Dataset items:

⟨

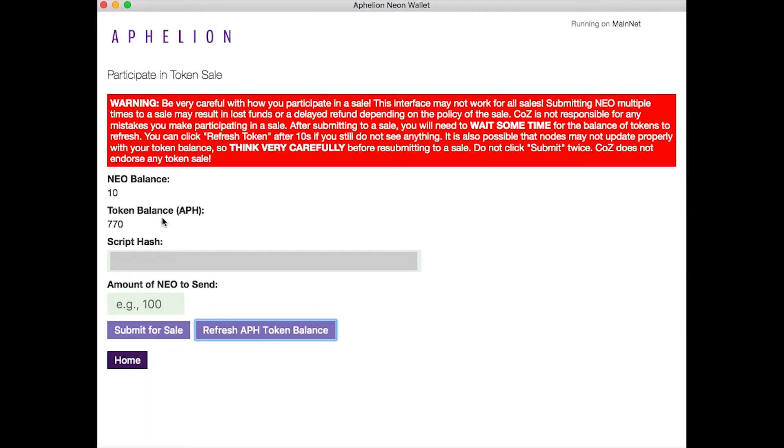Now, if I'd like to see my Aphelion tokens on another location and also perhaps transact with them and send them to somebody, I can go to the website neotracker.io.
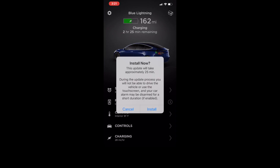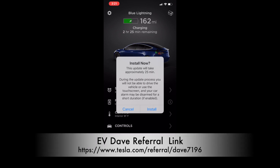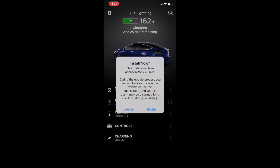Hey there! Today's video is of a Tesla mobile app installing software remotely in a Tesla car. I've shortened it so that it doesn't take so long, but you get to see the process from end to end.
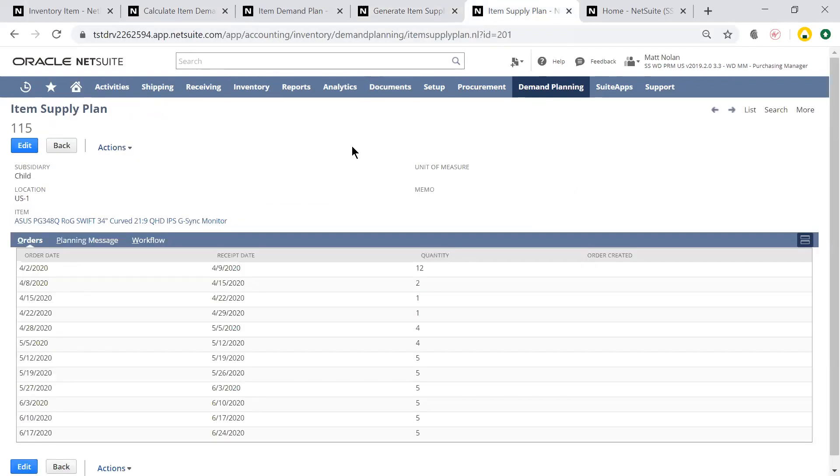Viewing the supply plan, NetSuite is telling me how much inventory I need to order and when I need to order it to ensure that I receive the inventory on time in order to meet my demand.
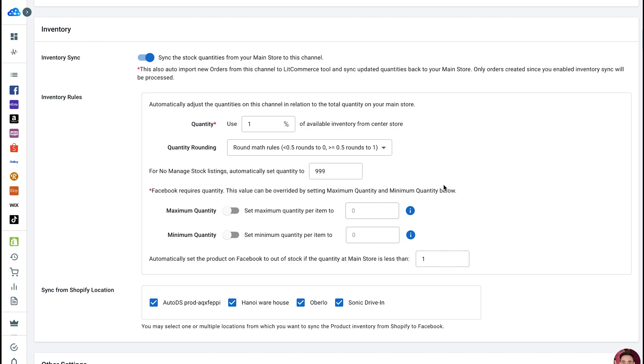Now, we're going to set inventory rules. LitCommerce allows you to set three inventory rules. Quantity: this rule lets you send only a certain percentage of current in-stock items to your Marketplace channel.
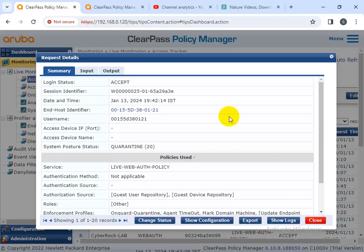Welcome to my channel Cyber Rock. Today I'm going to teach about the WAB policy. In ClearPass there are two flavors: one is OnGuard and the second is OnBoard. I will explain what the use of OnGuard is, the benefits, and how to configure the WAB policy step by step. Please subscribe, share, and like my channel.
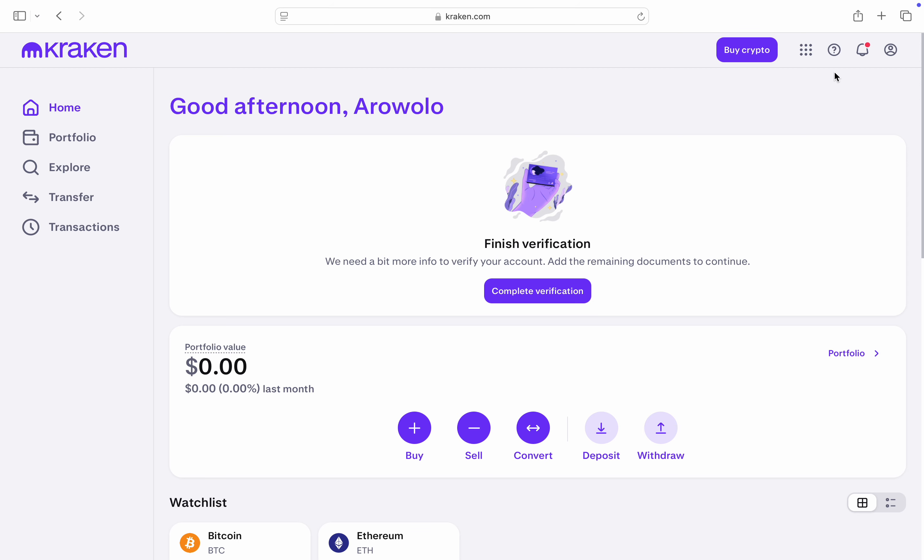So the first thing is head over to kraken.com and you need to click on the profile icon at the top right corner.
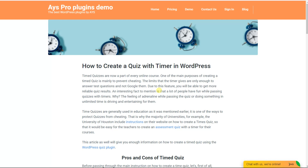Hello, my dear watchers, and welcome back to our YouTube channel. Today's topic is about writing blog posts for your WordPress website effortlessly with the help of our ChatGPT Assistant plugin. The process of writing blog posts may seem too long and time-consuming, but now it's much easier with the help of our ChatGPT Assistant plugin.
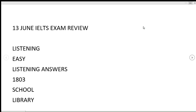Hey IELTS community, welcome back to the channel. In this video I'm going to provide you the review of 13 June IELTS exam. Starting off with the listening module, the overall level was easy and the answers for listening are:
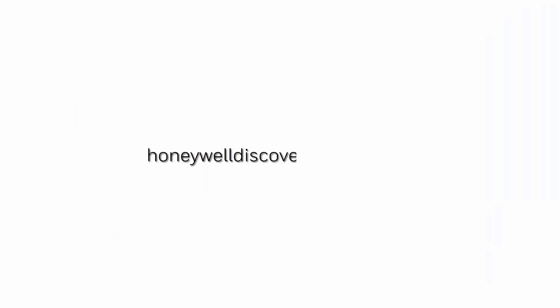Explore our trainings and discover your potential. Go to HoneywellDiscoverTraining.com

⟩

WORK TO COMPLETE -
Write out all the records exactly, omitting the images.

EXERCISE RESULT -
Now, if I'd like to see my Aphelion tokens on another location and also perhaps transact with them and send them to somebody, I can go to the website neotracker.io.
Hey there! Today's video is of a Tesla mobile app installing software remotely in a Tesla car. I've shortened it so that it doesn't take so long, but you get to see the process from end to end.
Viewing the supply plan, NetSuite is telling me how much inventory I need to order and when I need to order it to ensure that I receive the inventory on time in order to meet my demand.
Now, we're going to set inventory rules. LitCommerce allows you to set three inventory rules. Quantity: this rule lets you send only a certain percentage of current in-stock items to your Marketplace channel.
Welcome to my channel Cyber Rock. Today I'm going to teach about the WAB policy. In ClearPass there are two flavors: one is OnGuard and the second is OnBoard. I will explain what the use of OnGuard is, the benefits, and how to configure the WAB policy step by step. Please subscribe, share, and like my channel.
So the first thing is head over to kraken.com and you need to click on the profile icon at the top right corner.
Hello, my dear watchers, and welcome back to our YouTube channel. Today's topic is about writing blog posts for your WordPress website effortlessly with the help of our ChatGPT Assistant plugin. The process of writing blog posts may seem too long and time-consuming, but now it's much easier with the help of our ChatGPT Assistant plugin.
Hey IELTS community, welcome back to the channel. In this video I'm going to provide you the review of 13 June IELTS exam. Starting off with the listening module, the overall level was easy and the answers for listening are:
Explore our trainings and discover your potential. Go to HoneywellDiscoverTraining.com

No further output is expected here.